ABOUT THIS TASK: Set the records down again, exactly, without their images.

DATA TO USE:

══════

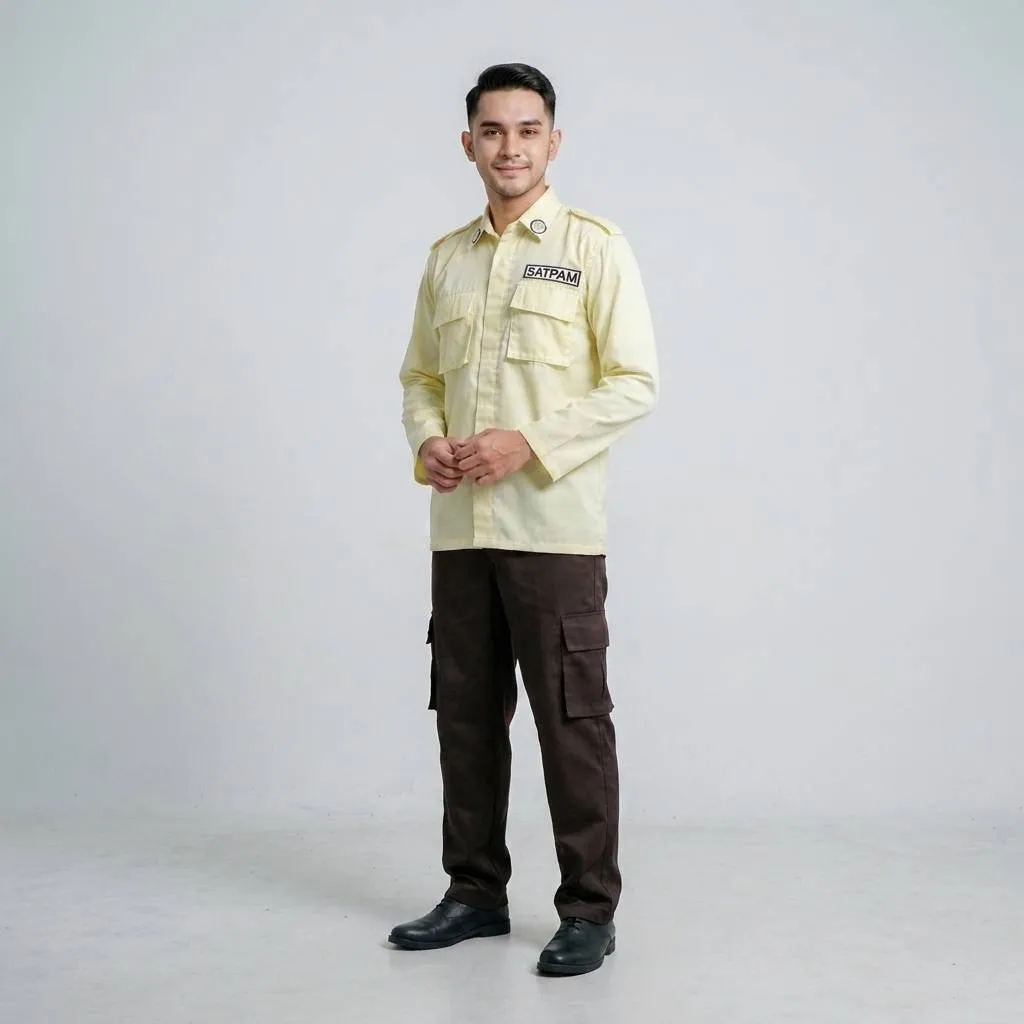 Seragam satpam perpol terbaru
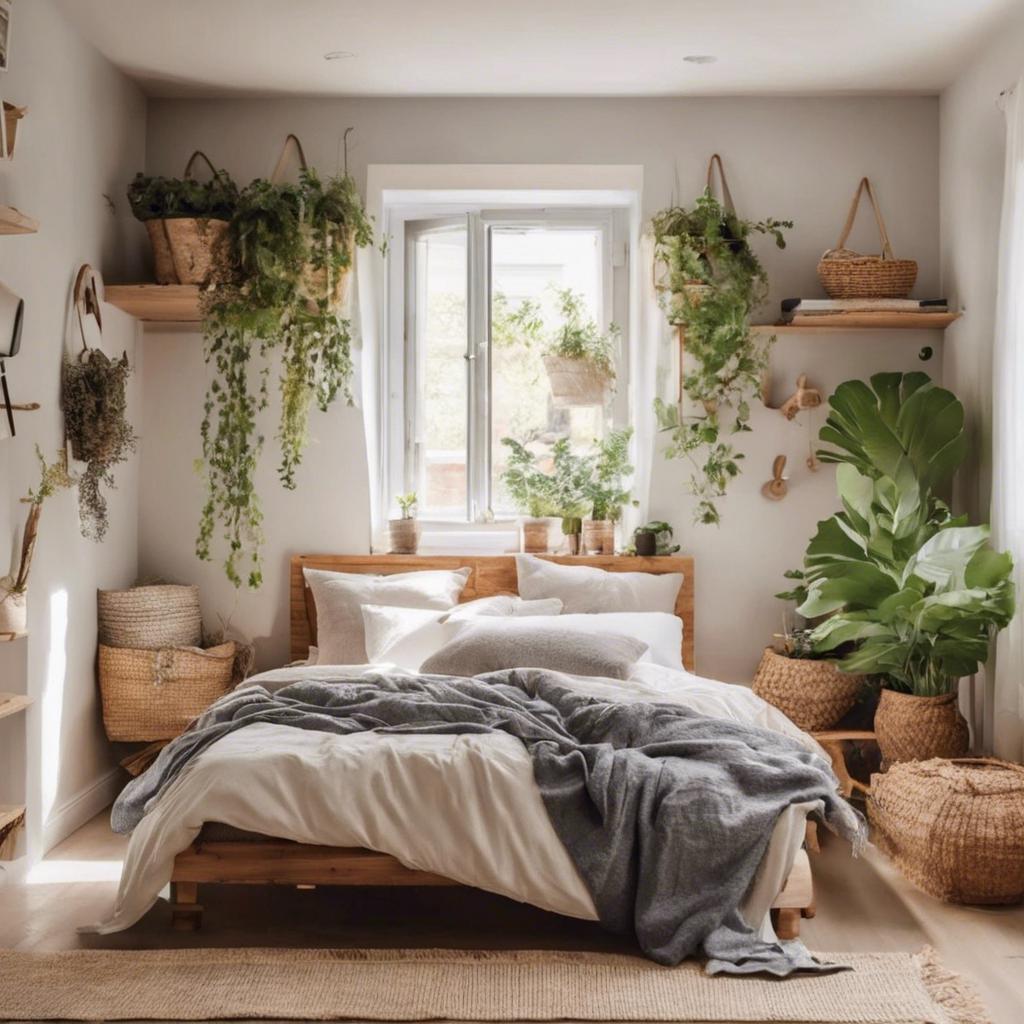 Eco-Friendly Decor Ideas for a Sustainable Small Bedroom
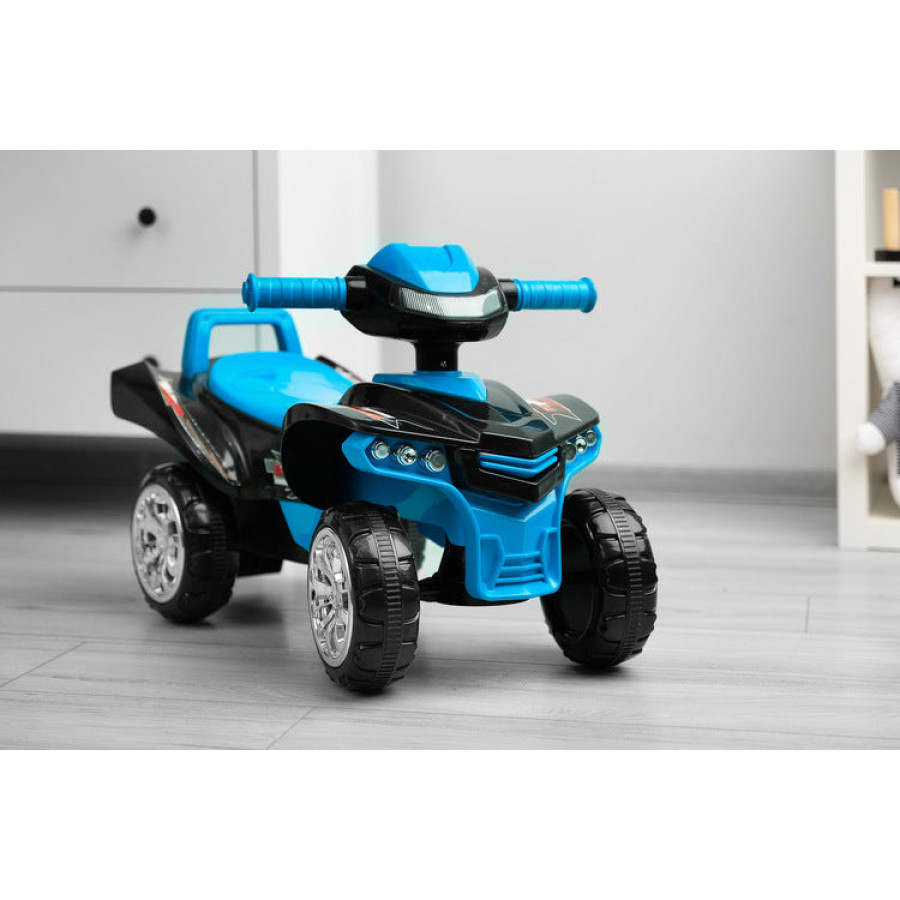 Детски мотор за яздене с четири гуми Mini Raptоr Navy Caretero Toyz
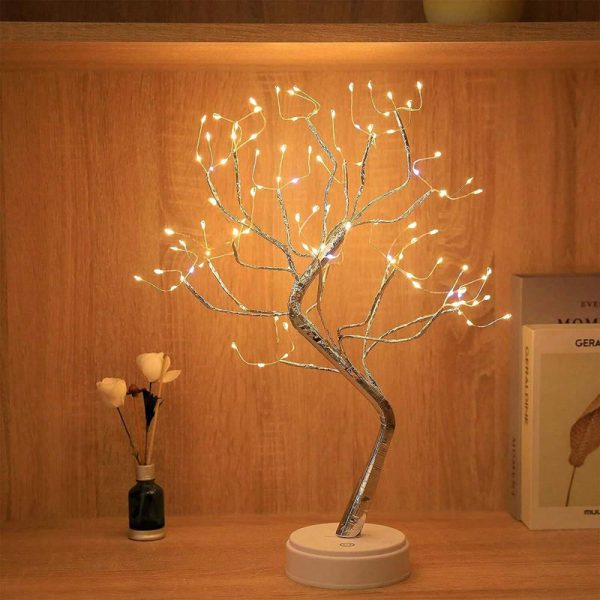 Sparkly Bonsai Tree Lamp - Image 2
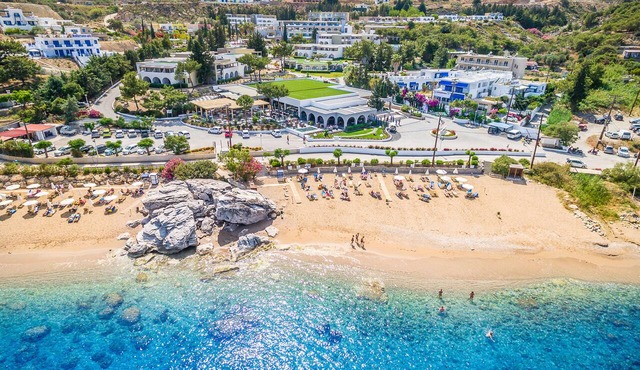 Porto Angeli Beach Resort – All Inclusive in Rhodes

══════

OUTPUT OF THE TASK:
 Seragam satpam perpol terbaru
 Eco-Friendly Decor Ideas for a Sustainable Small Bedroom
 Детски мотор за яздене с четири гуми Mini Raptоr Navy Caretero Toyz
 Sparkly Bonsai Tree Lamp - Image 2
 Porto Angeli Beach Resort – All Inclusive in Rhodes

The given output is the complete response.